In one stroke, the street entered a new era. Few store openings have changed the dynamics of their surrounding neighborhood like Guess Ranch. When the Marciano Brothers, Beverly Hills residents and founders of Guess Inc., opened a western-themed shop to sell their more moderate denim offerings, Rodeo was changed.
"There used to be this label that you could not shop Rodeo Drive unless you were going to spend $1,000," said Paul Marciano, president and advertising director of Guess. "Then there was the end of the Eighties, when Rodeo Drive took a serious hit. You saw a lot of closings and vacancies. Now, with new stores, it is a place not only for high couture such as Yves Saint Laurent, Versace and Gucci."
Fred Hayman, the Rodeo Drive shopkeeper who is fashion adviser to the Academy Awards show, said the street has entered a period of understated elegance.
"Now I park the Rolls out front only in the afternoon and not every day," Hayman said. While the bright yellow Rolls-Royce is still a trademark of the store, Hayman has become more discreet about displaying it outside the store.

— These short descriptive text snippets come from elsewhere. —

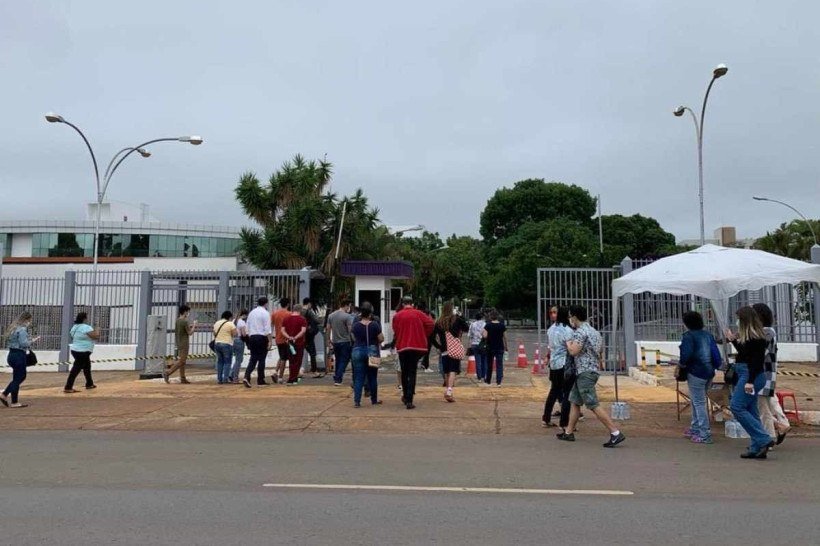 490 mil estudantes do ensino superior fazem o Enade neste domingo (14)
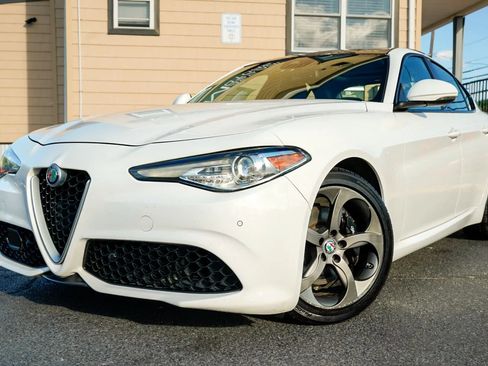 Used 2017 Alfa Romeo Giulia AWD image 9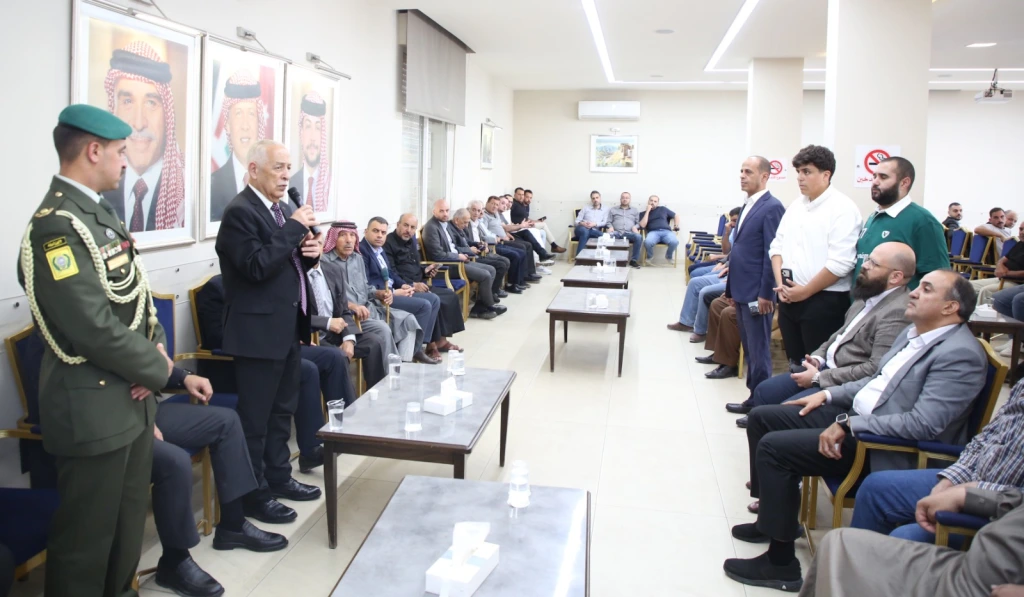 مندوبا عن الملك وولي العهد.. العيسوي يعزي المنيزل وعشا والعجيلات والصرايرة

The resurgence in retail along the Wilshire corridor hasn't hurt Rodeo Drive, either. The arrival of Barneys New York a block from Rodeo on Wilshire a year ago has brought a younger, more trend-conscious customer to Beverly Hills. Later this year, Saks is expanding its fashion presence with a new men's store in the old I. Magnin building. And Bloomingdale's, which is planning to open on Beverly Drive, a block east, in 1997, is expected to complete the area's retail picture.